The therapeutic inconsistency of MSCs significantly hampers their large-scale clinical applications [1,2,3, 8]. Therefore, reducing the MSC heterogenicity and improving their therapeutic consistency are critical and urgently needed [1, 4, 8]. Among different strategies, identifying and purifying specific MSC subpopulation with specific functions is a promising strategy to reduce the MSC heterogenicity and improve their therapeutic consistency [1]. Through lineage tracing and function validation, many different makers were identified for the mouse MSCs [13,14,15,16,17,18,19,20,21,22,23,24,25,26,27,28,29,30,31,32,33,34,35,36,37,38,39,40,41,42,43,44,45,46,47]. However, these markers are not MSC specific. And most of them are also not related to their functions and therapeutic efficacy, or the underlying mechanism linking the MSC marker to the function is missing. Therefore, identifying and purifying specific MSC subpopulation with specific function is necessary for their therapeutic applications.
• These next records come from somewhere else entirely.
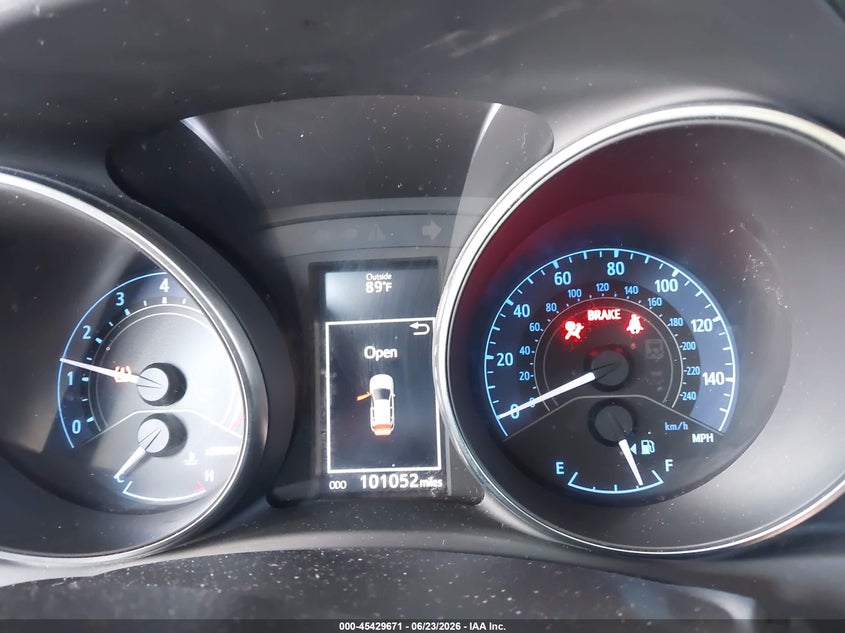 2017 Toyota Corolla VIN JTNKARJE1HJ530158 IAAI salvage auction — FRONT & REAR, Salvage Title, sold $3,325 on 2026-07-29 (photo 7)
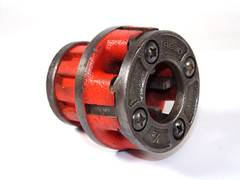RIDGID 00R Pipe Threader Die Head Set, 1&Prime; & 3/4&Prime; with Ratchet, 00R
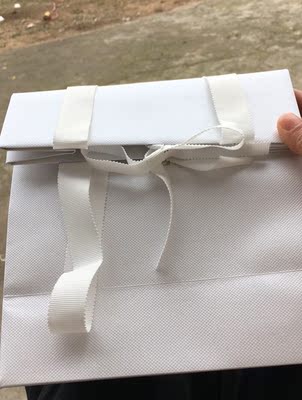 内内虽然等了蛮久。结果是开心的 款式 质量 做工 都喜欢  尤其是包装 高 大 上 又不失少女心   只看包装就已经很开心了  心情很好  会继续关注此店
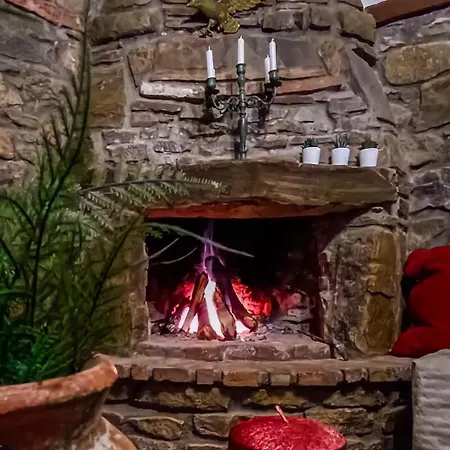 το πέτρινο σπιτάκι *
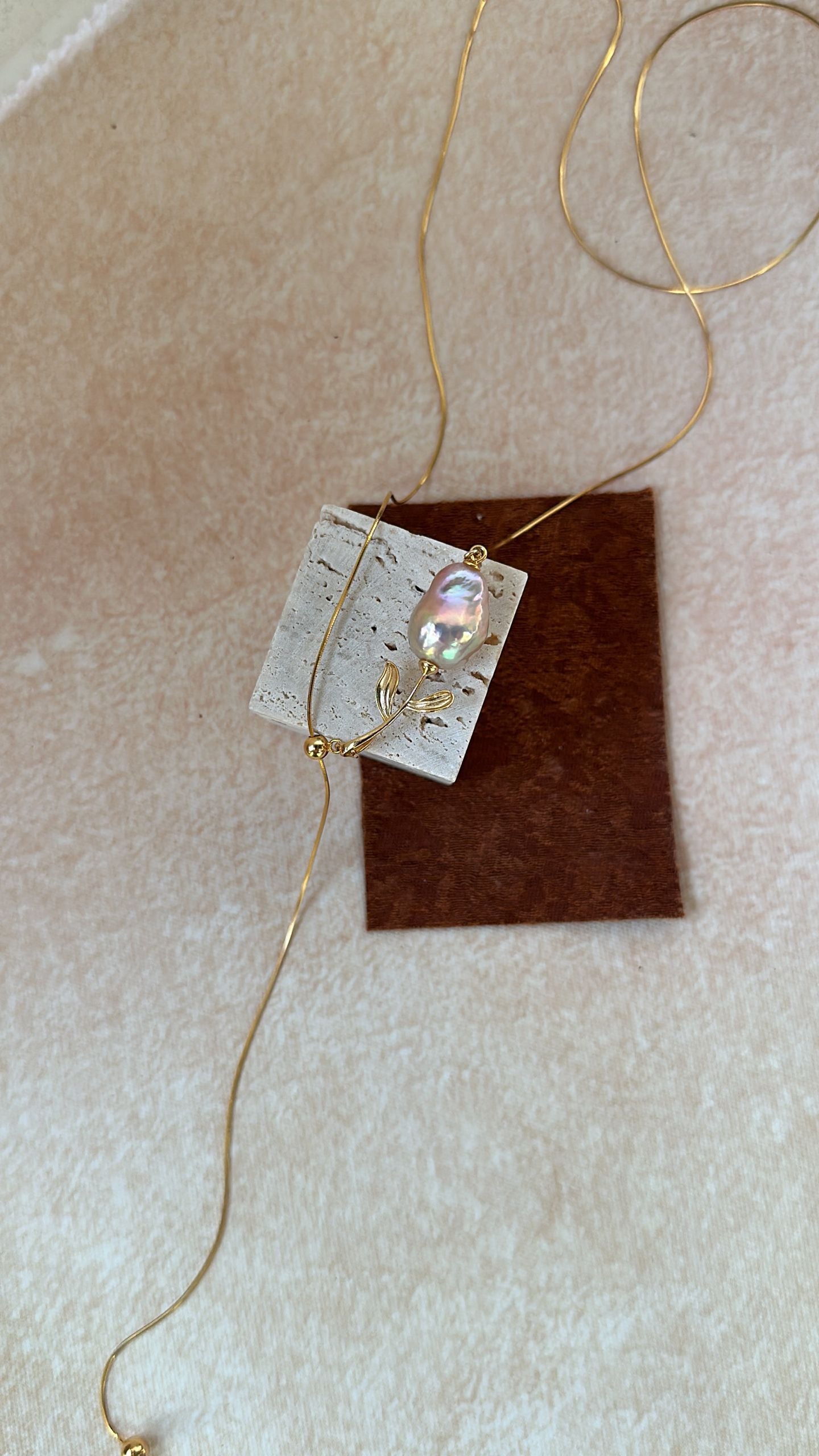 „Golden Rose“ Halskette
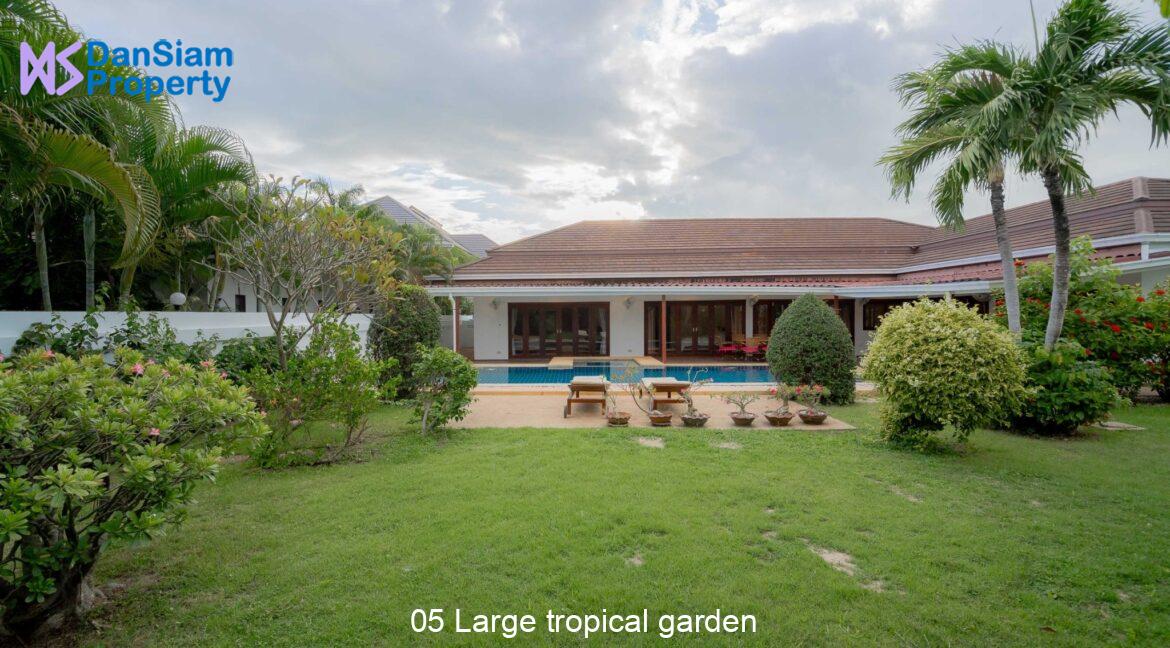 05 Large tropical garden
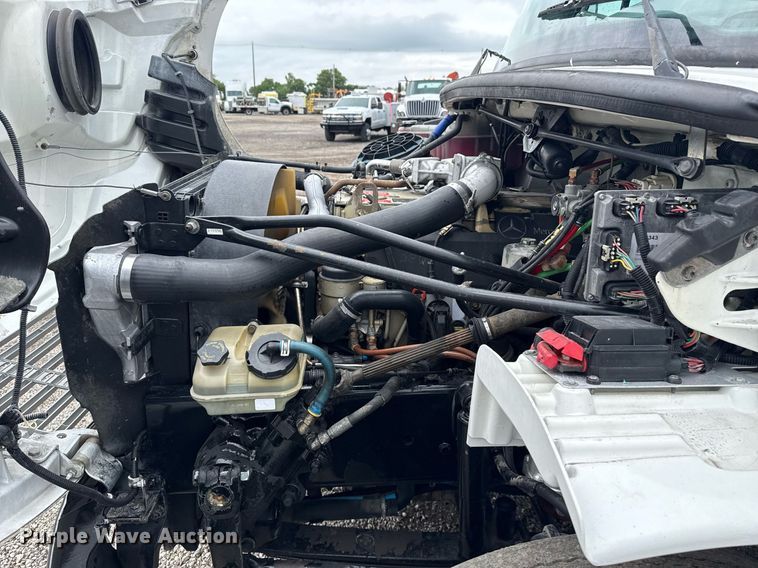 image for item EG5918 2006 Freightliner Business Class M2 box truck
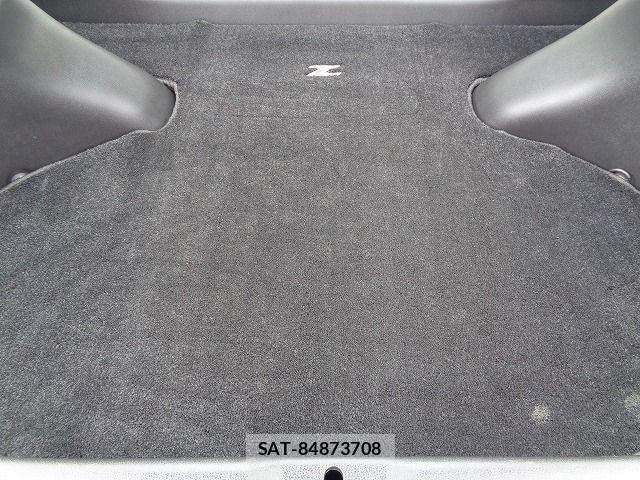 Nissan FAIRLADY Z 2019-04 437070-24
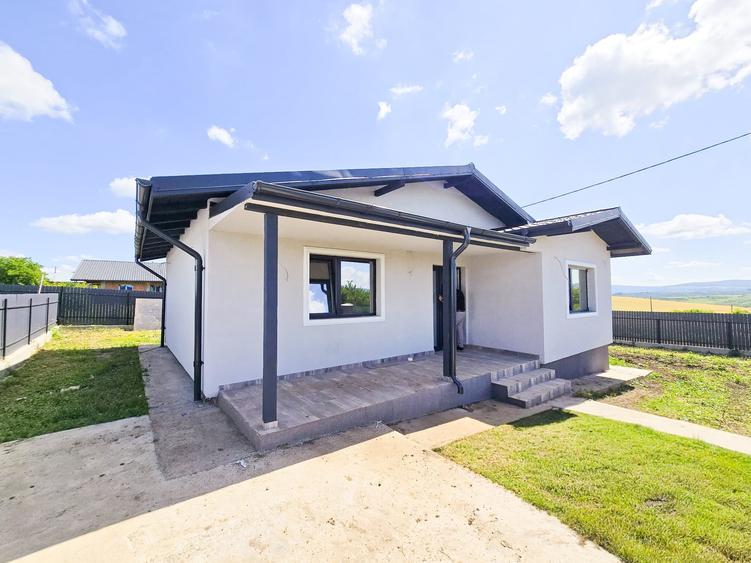 Casă cu 3 camere cu Teren 400 Mp în Ciurbești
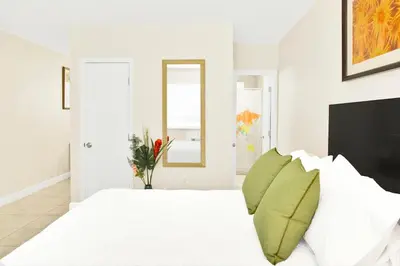 Gallery image of Mimo 7 -Smart TV - Free Parking - Kitchen - Walkable in Miami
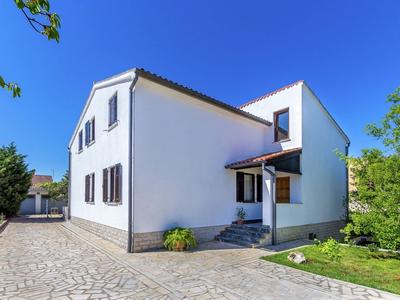 Apartment in Pula Near the Sea and Town Center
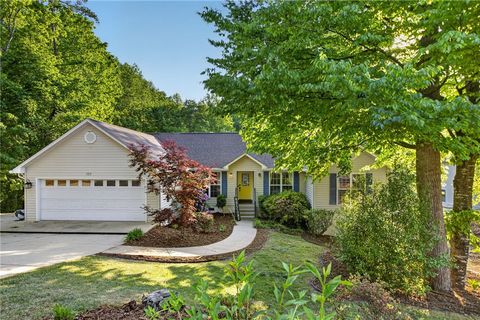 Photo of 322 Shorecrest Drive, Seneca, SC 29672 (MLS # 20300453)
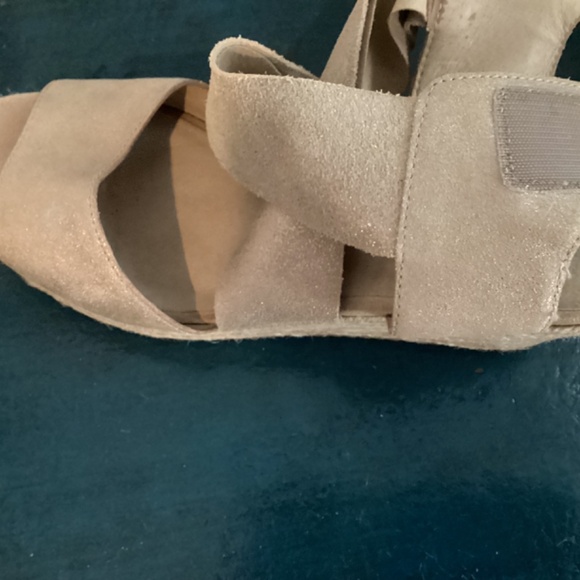 Shoes - Picture 11 of 16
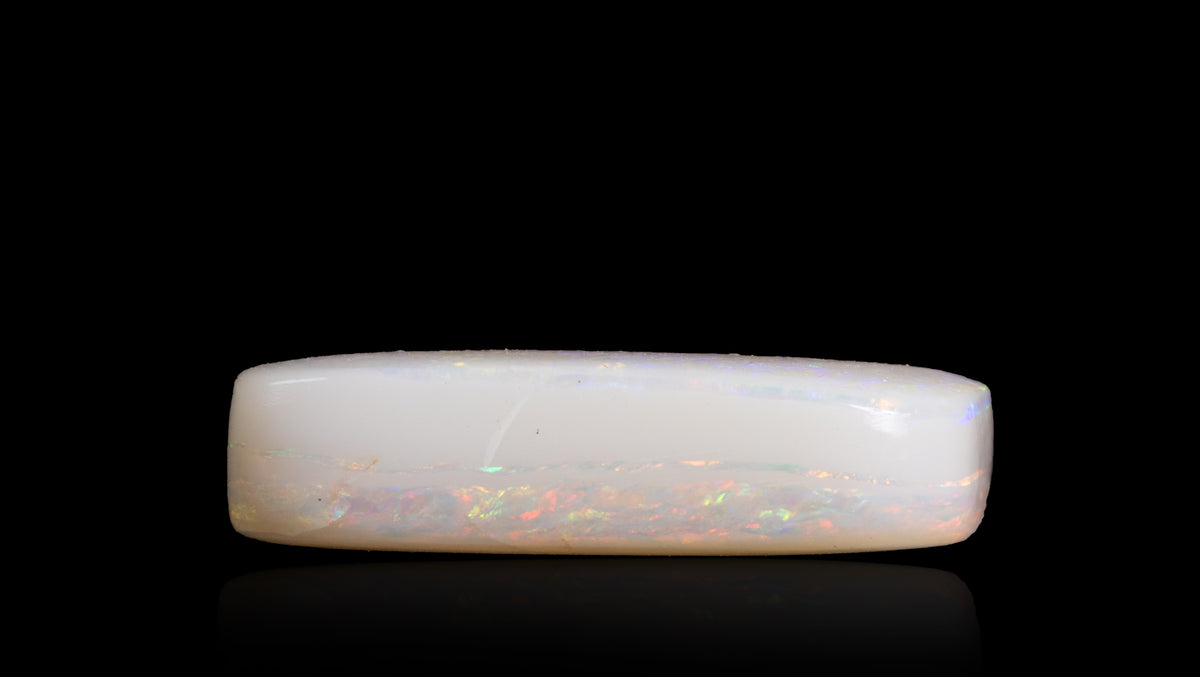 White Opal With Fire 10.53 Carats / 11.57 Ratti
In the current study, the purified CD45TNFAIP6+ mouse MSCs showed enhanced immune suppression activities and improved therapeutic effects in the mouse model of acute inflammation. Although direct application of recombinant TNFAIP6 protein also has significant therapeutic effects in several mouse models [75, 77,78,79,80], similar to our previous investigations on the therapeutic effects of IL-37[6], the TNFAIP6 protein also has a very short half-life in vivo (around 0.2 h) [77]. The TNFAIP6+ MSCs respond to the inflammatory environment and secrete the anti-inflammatory cytokine TNFAIP6 more quickly, resulting in immediately immune suppression and less MSC death induced by activated immune cells. And the survived MSCs express high level of anti-inflammatory cytokines, which further enhances the immune suppression function as positive feedback.

Conclusions

In conclusion, we have identified TNFAIP6 as a new MSC marker and the TNFAIP6+ MSC subpopulation has enhanced immune suppression capabilities.